* [Record set]:
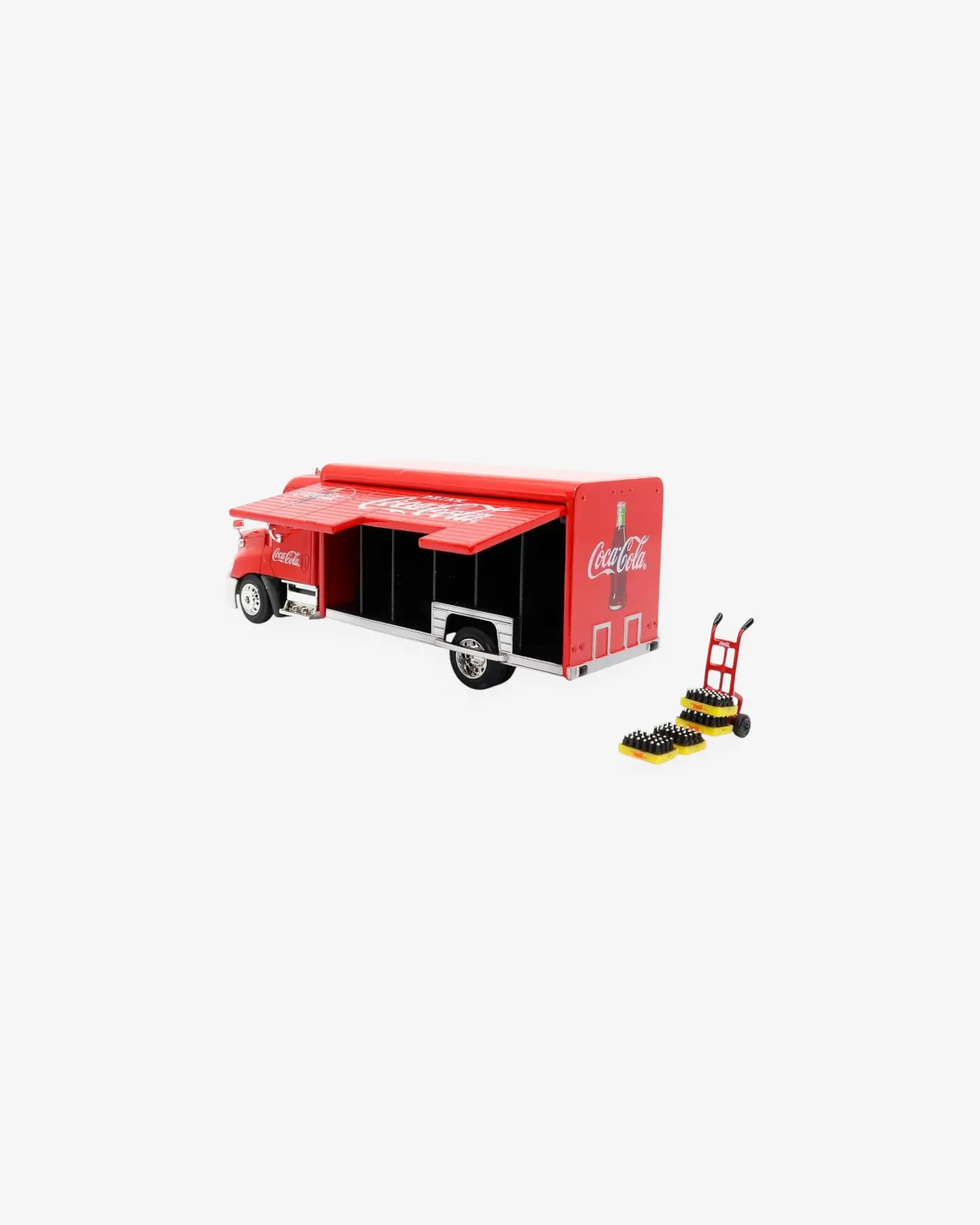 Машинка литая коллекционная Die-сast модель по лицензии Coca-Cola Beverage Delivery Truck With 2 Sli — 3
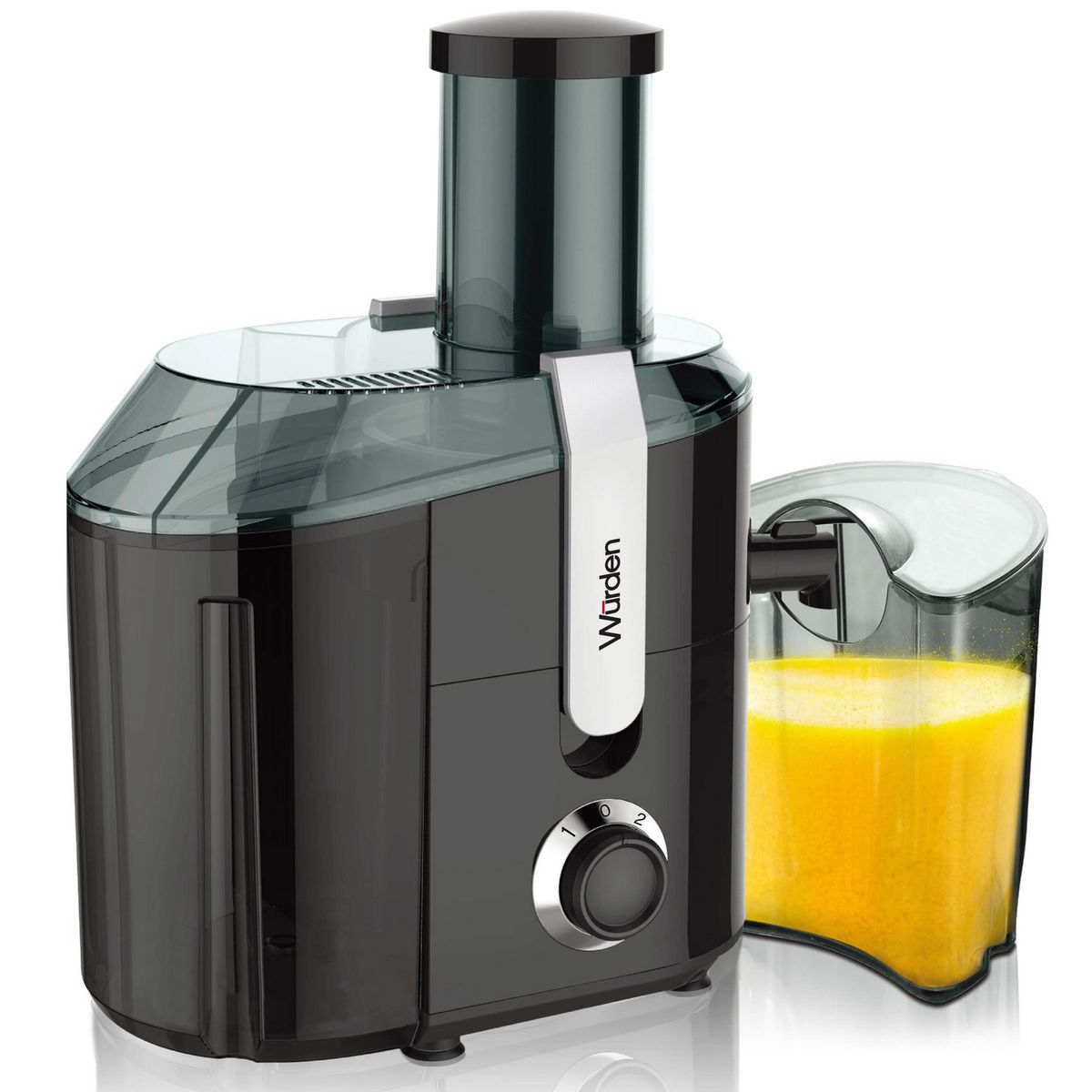 WURDEN - Extractor de jugo 900 W Negro WSL-SOMMER900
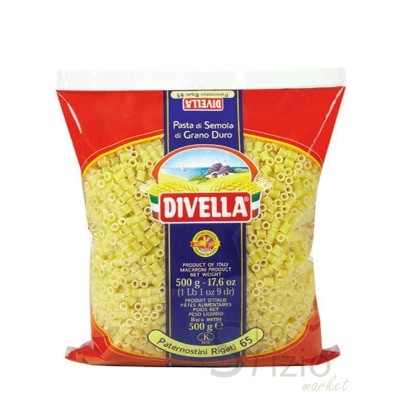 PASTA DIVELLA PATERNOSTINI RIGATI 65 500GR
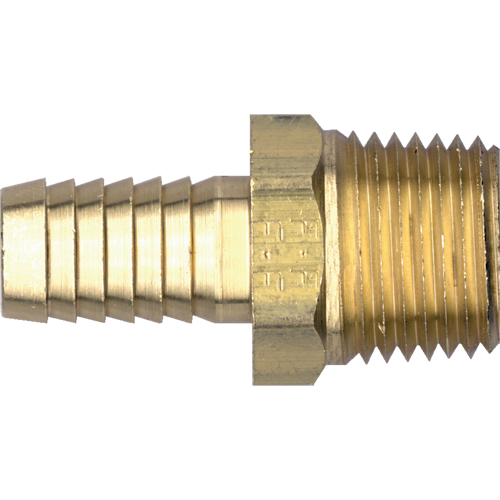 Male Pipe Hose Barb Fitting, Brass Sécurité Médic
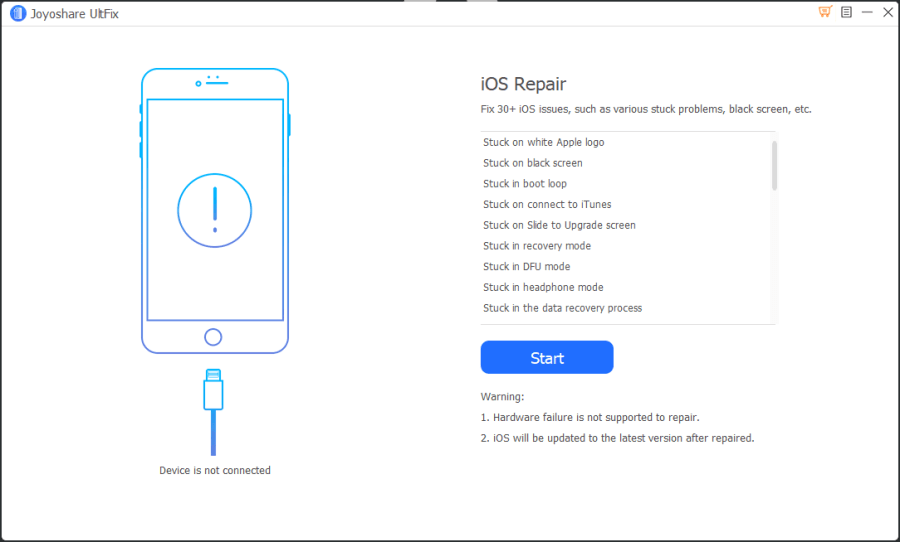 iPhone無法開機救援工具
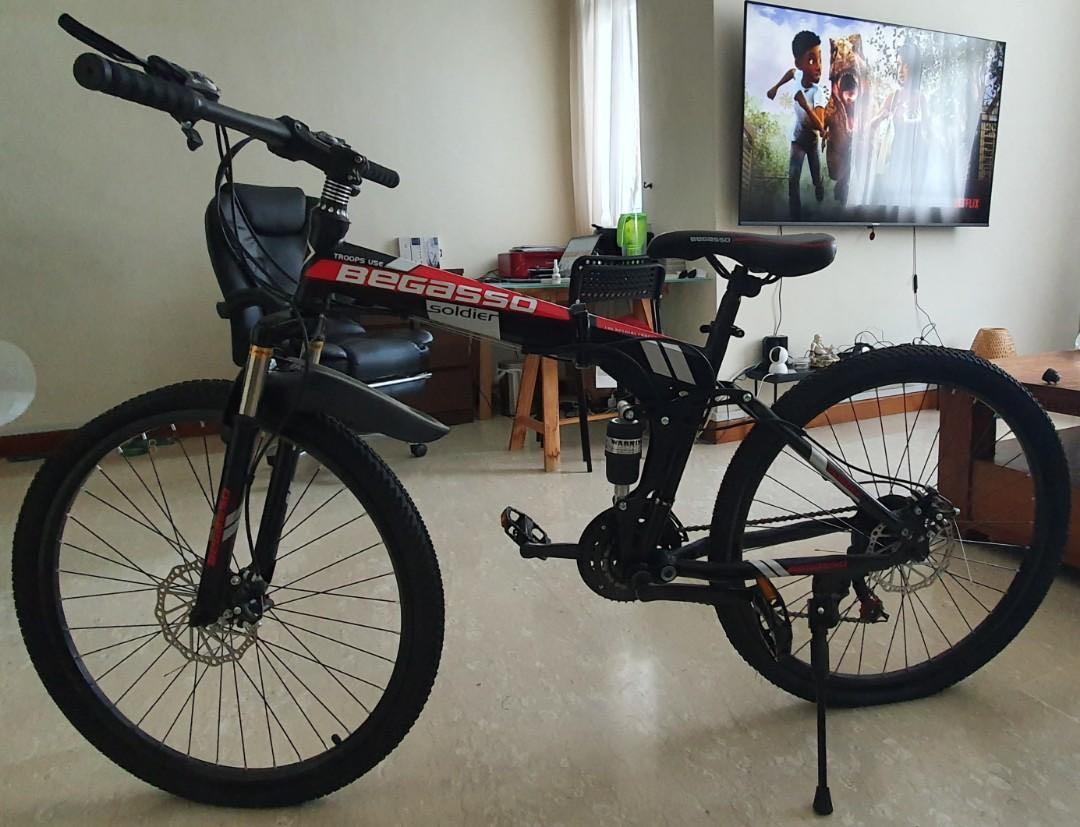Begasso foldable top mountain bike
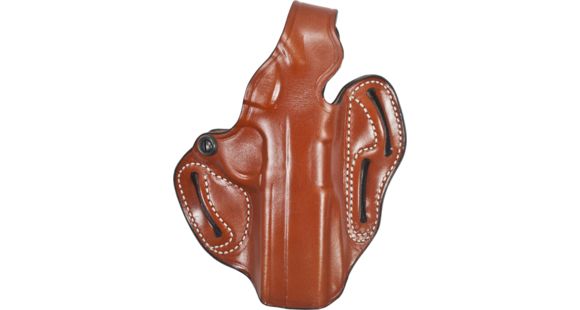 Image of DeSantis Thumb Break Scabbard Holster - Right, Tan, Lined, Plain, 3 Slot 001TCT6Z0 - FITS KIMBER PRO TLE/RL II 4in.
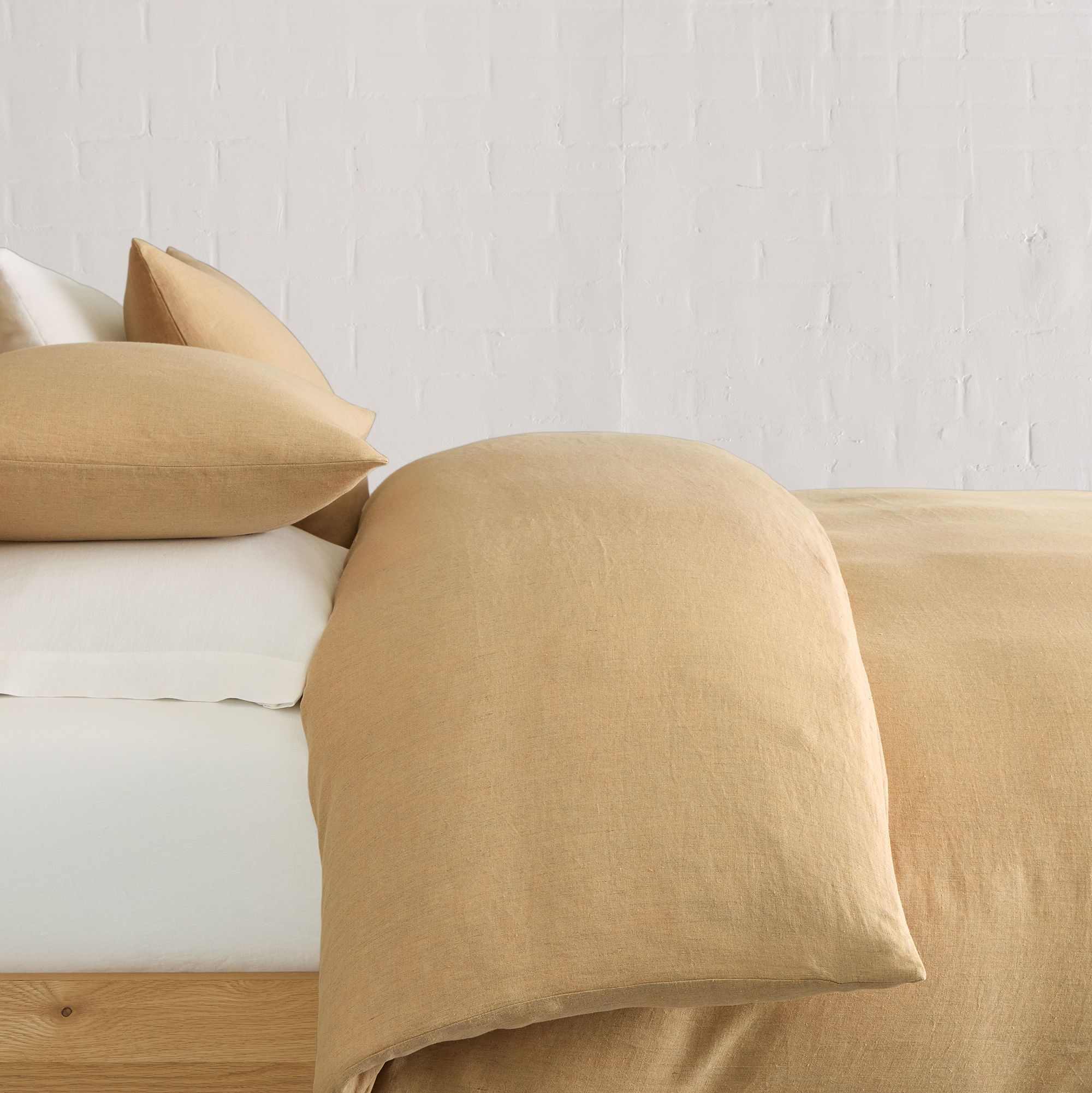 European Flax Linen Duvet Cover & Shams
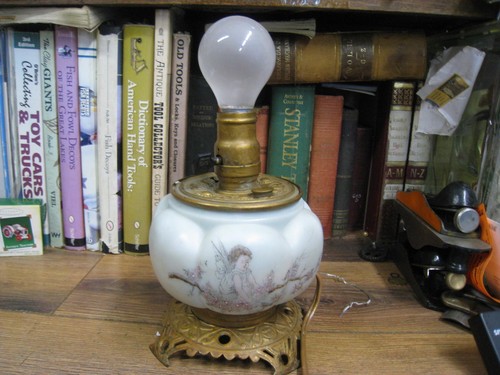 Antique parlor oil - parlor, hand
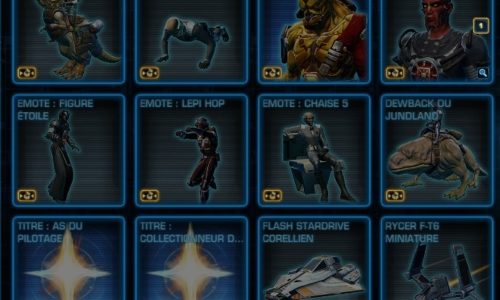 SWTOR – Marché du Cartel : Packs de Chasseur Galactique d&rsquo;As du pilotage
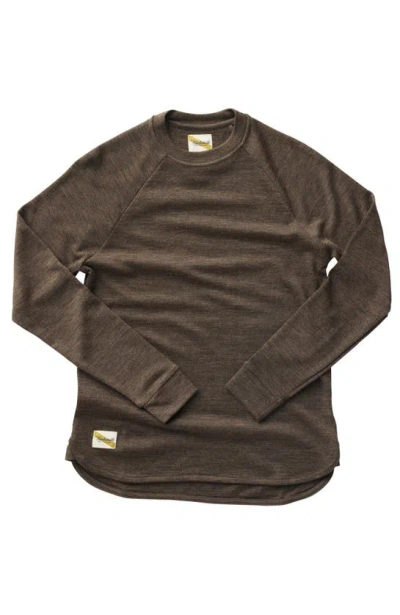Tracksmith Downeaster Crew In Coffee Heather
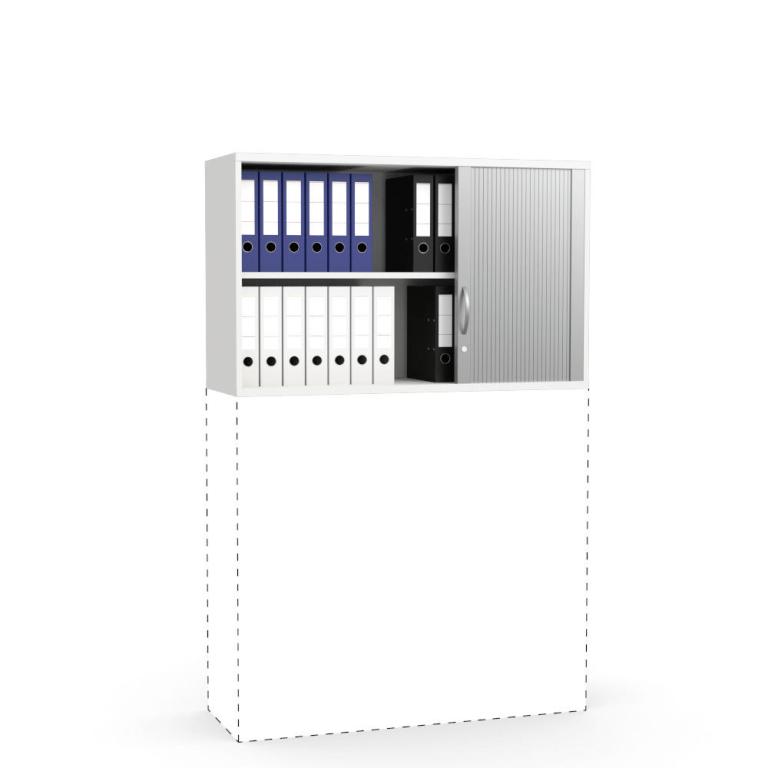 Image Rollladen-Aufsatzschrank Multi M pro, Weiß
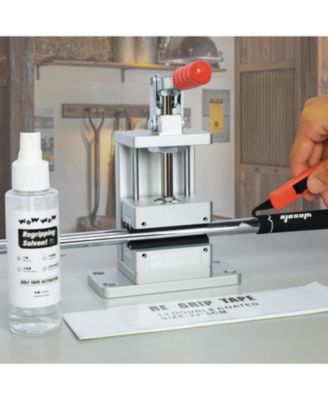 Golf Club Regrip Vise Tool,Golfer's Workshop Rubber Vise Clamp,Home Golf Grip Workbench,with 17 Ferrules Suitable for Irons, A Hook Knife and Grip Tape for Convenience & Efficiency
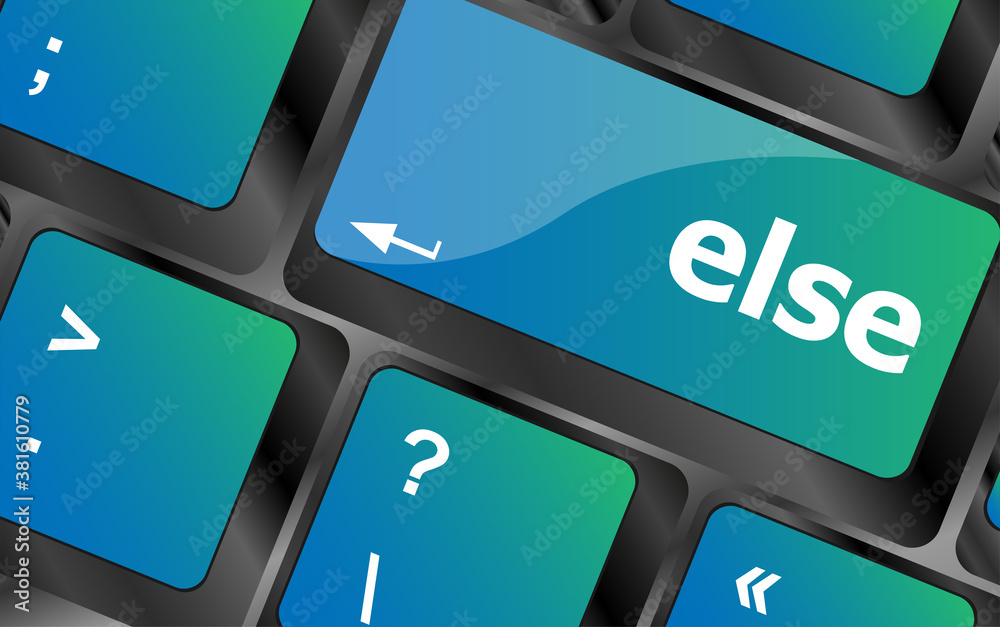 Poster else button on computer pc keyboard key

* [The task]: The answer must be an exact copy of the lines from the start of the records above through the line containing "Image Rollladen-Aufsatzschrank Multi", with no pictures in it.

* [Reply to the task]:
 Машинка литая коллекционная Die-сast модель по лицензии Coca-Cola Beverage Delivery Truck With 2 Sli — 3
 WURDEN - Extractor de jugo 900 W Negro WSL-SOMMER900
 PASTA DIVELLA PATERNOSTINI RIGATI 65 500GR
 Male Pipe Hose Barb Fitting, Brass Sécurité Médic
 iPhone無法開機救援工具
Begasso foldable top mountain bike
 Image of DeSantis Thumb Break Scabbard Holster - Right, Tan, Lined, Plain, 3 Slot 001TCT6Z0 - FITS KIMBER PRO TLE/RL II 4in.
 European Flax Linen Duvet Cover & Shams
 Antique parlor oil - parlor, hand
 SWTOR – Marché du Cartel : Packs de Chasseur Galactique d&rsquo;As du pilotage
Tracksmith Downeaster Crew In Coffee Heather
 Image Rollladen-Aufsatzschrank Multi M pro, Weiß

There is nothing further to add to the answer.